Neslihan Doran-Civan  13:26

So I think first they should understand and I was I meant to actually circle back to something that you said at the beginning, when it’s the licensing requirements with USPTO. Any technical background does not qualify for being registered with USPTO. So they should probably first figure this out. If they have an engineering degree, if they have a science degree, probably they’re fine. But when we say technical background, that’s a little bit too broad. If they figure it out, and if they can actually be registered with the USPTO. That means that they can do patent prosecution. Otherwise, the other paths to litigation and other paths are still open. But to be a patent or to be registered in front to practice in front of USPTO. They will need that registration, the Patent Bar, as it’s often referred as. The other questions are, I think, one thing that Ruthleen brought up and that’s that’s been something really important for me is the predictability. So the patent prosecution is not a very exciting lifestyle, but it is a very predictable one. So you don’t go to the courtrooms most likely. And, you know, your job is, as I said, patent drafting and taking it out of the USPTO so that your client has a patent. But and the other question, I think they should ask themselves do they like this lifestyle where, you know, they like to go to the court, they like to argue the case, then I think the patent litigation is a better, better path.


Ruthleen Uy  14:57

Just to follow up on what Neslihan says, yeah, it’s not necessarily exciting, but it’s always challenging. And I feel we’re always thinking, and we’re always learning something new, which is, which I find, you know, enjoyable. And it’s always interesting when you hear a bunch of patent attorneys talking about something, because I don’t think anyone else has like a similar conversation, because it’s a mixture of technology and law. And then also following up to what Neslihan was saying there, you could still take the patent route, even if you don’t do the Patent Bar. And that’s as a patent engineer. And, but under that role, you would need to be supervised by someone who was registered and has a patent registration number, because you would not be allowed to file responses with the patent office. And there are. So and that’s a good way for you to test out like, as with anything, if you’re not sure, if you’re interested in doing it as a career, you should test it out, you know, so you can test out being a patent engineer while you’re an engineer, or you can go ahead and take the Patent Bar Exam, which is, you know, it’s a short exam, and then just get the registration number and then give it a go to see if you’re interested in it. It’s not that expensive. So you can, you can test it out to see if you’re interested. And then if not, you know, maybe you’d prefer to do litigation, it’s not going to hurt you to have a registration number to do patent litigation, they actually prefer it because it’s like, Oh, you already know the patent rules. When we do patent litigation you have you have knowledge in it. So it can all work on top of each other. It doesn’t have to be a standalone thing. You don’t have to do one or the other. You can try one and then go on to the next step.

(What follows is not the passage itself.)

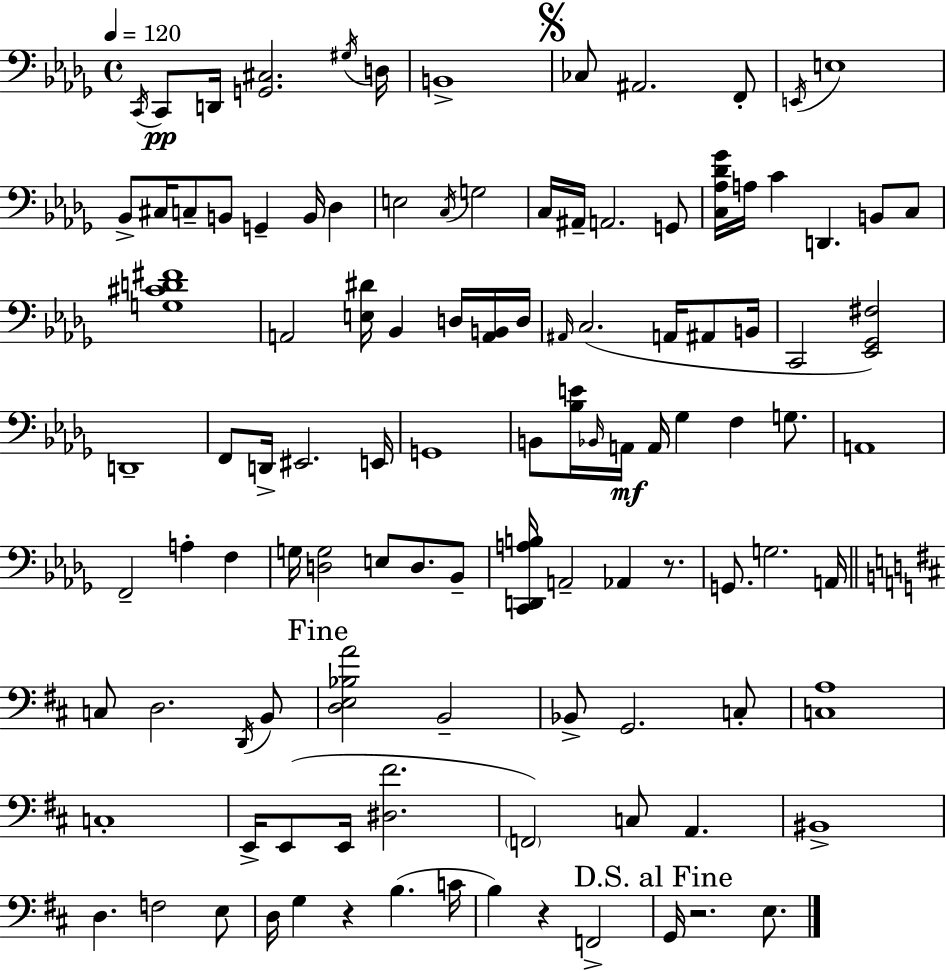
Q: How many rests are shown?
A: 4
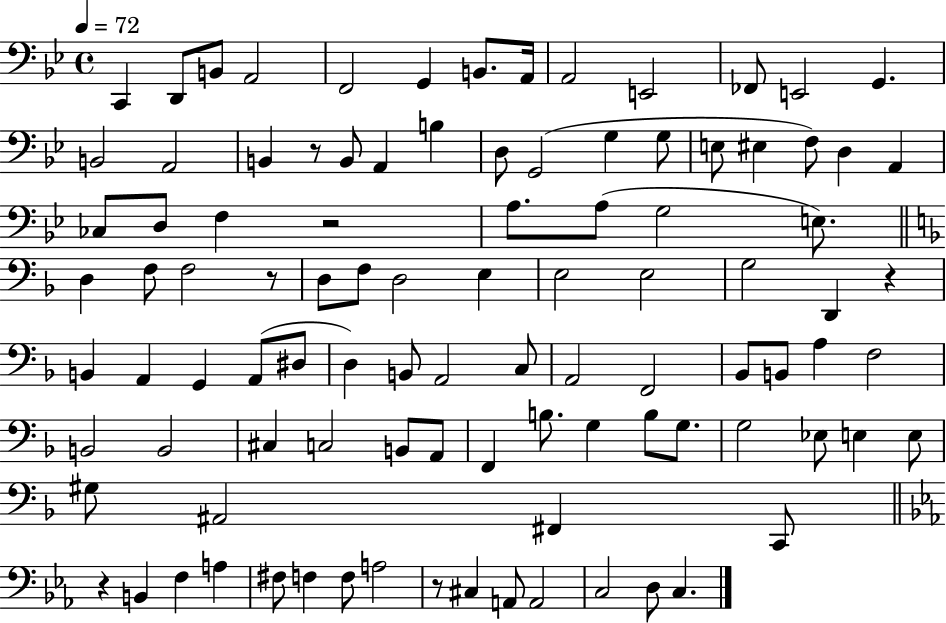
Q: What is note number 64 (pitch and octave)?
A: C#3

Neslihan Doran-Civan  16:38

And maybe let’s also clarify these three terms, patent engineer has a technical background and no legal degree or requirements. Patent Agent is someone who has a technical degree and has passed the Patent Bar, so it’s registered with the USPTO may not have any other legal degrees or may not have a law degree. And if a person has passed the Patent Bar and also graduated from law school and passed the bar, then they become a patent attorney.


Wayne Stacy  17:06

Well, I want to thank you both for forgiving an introduction to these career paths. It’s hard for people to look at law firm websites and figure out these days, what it might look like for them as a first year. So it’s great to hear it firsthand. Thank you both again, and we’ll talk soon.


Ruthleen Uy  17:24

Sure. And we’re also available if anybody has questions in general about the different roles and the different opportunities that are that are available.